Likewise, contracts for Metro Health Direct Care include accountability metrics that come with rewards and paybacks, Pai said.
“When we hit those quality targets and those utilization targets, we would get a little bit of a kicker to us for delivering a good job to your population. And if we didn’t, then we would hold a little back on the premium and give it back to you as a credit because we didn’t meet those goals,” he said.
GM pursued direct contracting as costs continued to rise without better care, improved outcomes or higher satisfaction rates among employees, Kopacz said. Using Blue Cross Blue Shield of Michigan as a third-party administrator, the corporation offered the plan as an option for employees to consider in the 2018 open renewal period. About 10 percent of employees enrolled in the first year, which Kopacz called a “good start for us.”
GM hopes to have 100 percent employee participation within five years for ConnectedCare, which costs employees less than other options for health benefits, according to Kopacz.
In developing ConnectedCare, GM sought a robust care network that “needed to do everything from a hangnail to a transplant,” she said. After multiple rounds in seeking requests for proposals, GM chose Henry Ford Health System from four bidders for the contract.
The ability to offer a broad, comprehensive care network remains an issue for Metro Health Direct Care. The health system lacks certain services such as a durable medical equipment provider or prosthetics clinic, nor does it perform specialized procedures such as heart surgery, Pai said.

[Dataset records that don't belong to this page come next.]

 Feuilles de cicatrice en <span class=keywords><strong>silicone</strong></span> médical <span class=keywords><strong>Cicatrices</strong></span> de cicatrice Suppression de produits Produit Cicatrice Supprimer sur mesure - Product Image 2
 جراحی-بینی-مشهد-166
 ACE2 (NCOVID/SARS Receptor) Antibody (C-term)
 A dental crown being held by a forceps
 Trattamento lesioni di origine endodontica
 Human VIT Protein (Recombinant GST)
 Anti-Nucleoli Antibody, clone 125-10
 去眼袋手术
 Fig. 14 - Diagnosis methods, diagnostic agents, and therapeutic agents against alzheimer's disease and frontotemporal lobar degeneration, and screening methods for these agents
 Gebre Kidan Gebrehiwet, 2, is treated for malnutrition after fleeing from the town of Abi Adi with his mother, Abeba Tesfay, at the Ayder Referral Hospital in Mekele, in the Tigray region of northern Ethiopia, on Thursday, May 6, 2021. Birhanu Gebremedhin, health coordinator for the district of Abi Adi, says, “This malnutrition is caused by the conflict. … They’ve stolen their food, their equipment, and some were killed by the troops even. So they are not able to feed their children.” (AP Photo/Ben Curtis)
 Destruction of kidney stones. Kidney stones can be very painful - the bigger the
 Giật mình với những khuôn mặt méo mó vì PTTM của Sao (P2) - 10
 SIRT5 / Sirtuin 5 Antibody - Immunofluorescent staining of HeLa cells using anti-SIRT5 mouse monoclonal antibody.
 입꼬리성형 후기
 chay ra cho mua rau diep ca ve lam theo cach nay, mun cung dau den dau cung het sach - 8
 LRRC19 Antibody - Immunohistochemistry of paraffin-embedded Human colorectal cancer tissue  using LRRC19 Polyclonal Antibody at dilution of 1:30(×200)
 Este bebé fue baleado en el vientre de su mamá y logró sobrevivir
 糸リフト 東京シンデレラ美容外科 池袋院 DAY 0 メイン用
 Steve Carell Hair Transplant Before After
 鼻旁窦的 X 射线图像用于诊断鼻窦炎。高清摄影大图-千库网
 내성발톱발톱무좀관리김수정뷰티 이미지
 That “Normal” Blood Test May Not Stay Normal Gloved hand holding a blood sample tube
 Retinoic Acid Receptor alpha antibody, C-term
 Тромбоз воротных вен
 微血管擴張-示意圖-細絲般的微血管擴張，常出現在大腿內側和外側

That’s limited the product’s appeal and ability to drive volumes at Metro Health, as employees at participating employers go elsewhere for specialized care, he said. Metro Health is talking with parent University of Michigan Health System about getting involved in Direct Care to provide specialized medical services.
“We’re working to talk with the university on how they can support our product,” said Pai, who would like to see Direct Care double within two to three years after Metro hires needed support staff, brings aboard U-M, commits to a couple of third-party administrators and “professionalizes the product.”
“Then you have a pretty comprehensive solution there. Employers want to know that if those situations do arise, their employees and dependents are covered in all of those different scenarios,” he said.
Employers using Direct Care also can purchase a second-tier care network for employees to access when they need care while outside of Metro’s service area, he said.